DATA EXTRACT
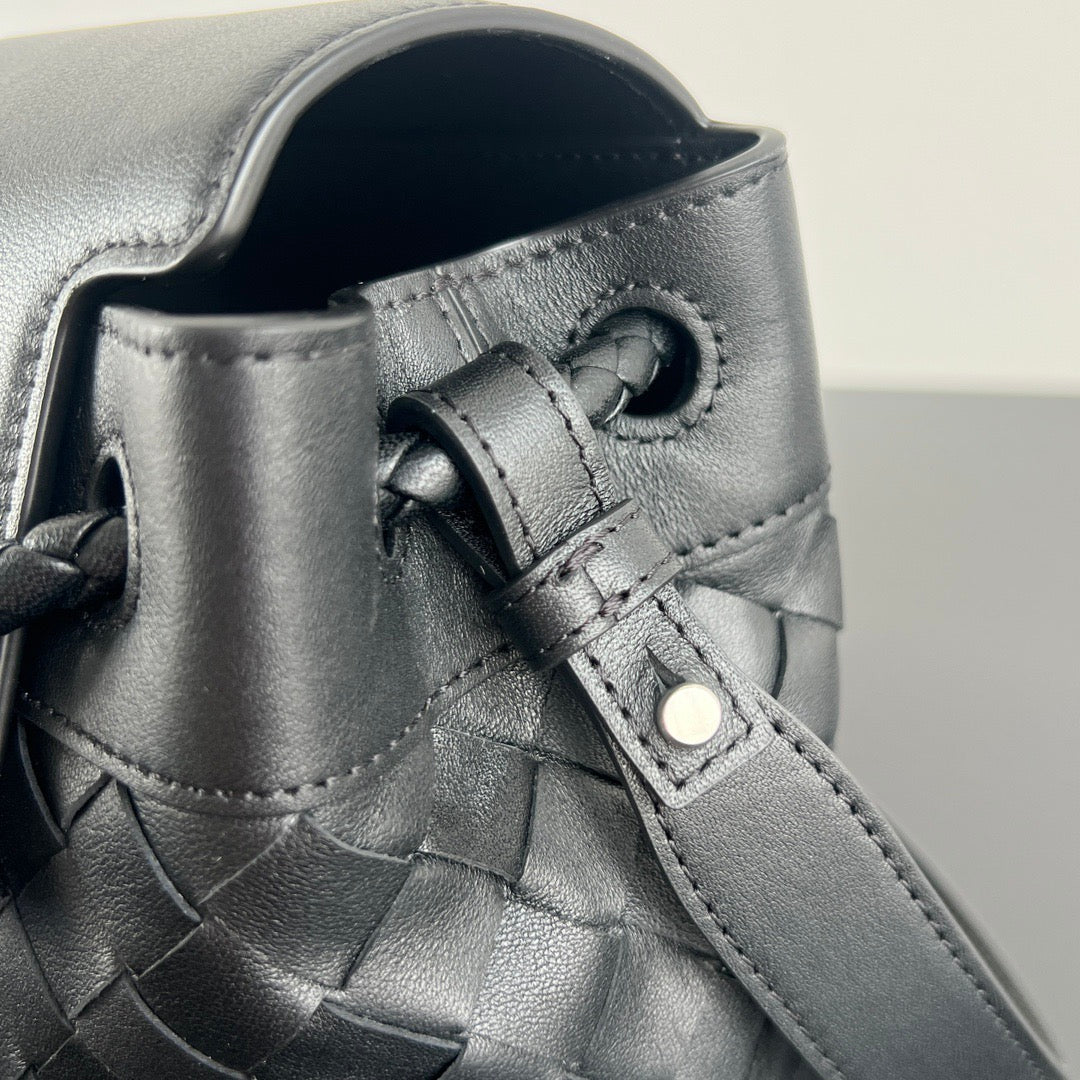 BOTT V SMALL ANDIAMO MESSENGER BAG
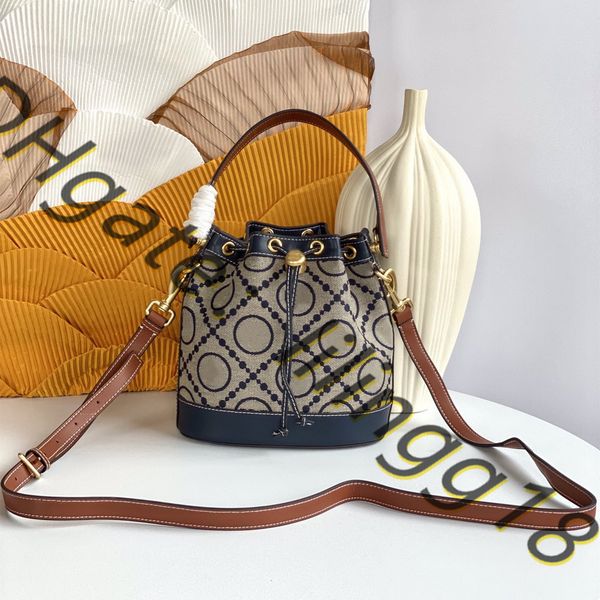 fashion style cross body bags new bucket shaped handbags shoulder bag purse mirror quality chessboard pattern travel school shopping camping
fashion style cross body bags new bucket shaped handbags shoulder bag purse mirror quality chessboard pattern travel school shopping camping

INSTRUCTIONS FOR THE TASK
Write out every line of the listing exactly as written, and leave the pictures out.

FINISHED TASK
 BOTT V SMALL ANDIAMO MESSENGER BAG
 fashion style cross body bags new bucket shaped handbags shoulder bag purse mirror quality chessboard pattern travel school shopping camping
fashion style cross body bags new bucket shaped handbags shoulder bag purse mirror quality chessboard pattern travel school shopping camping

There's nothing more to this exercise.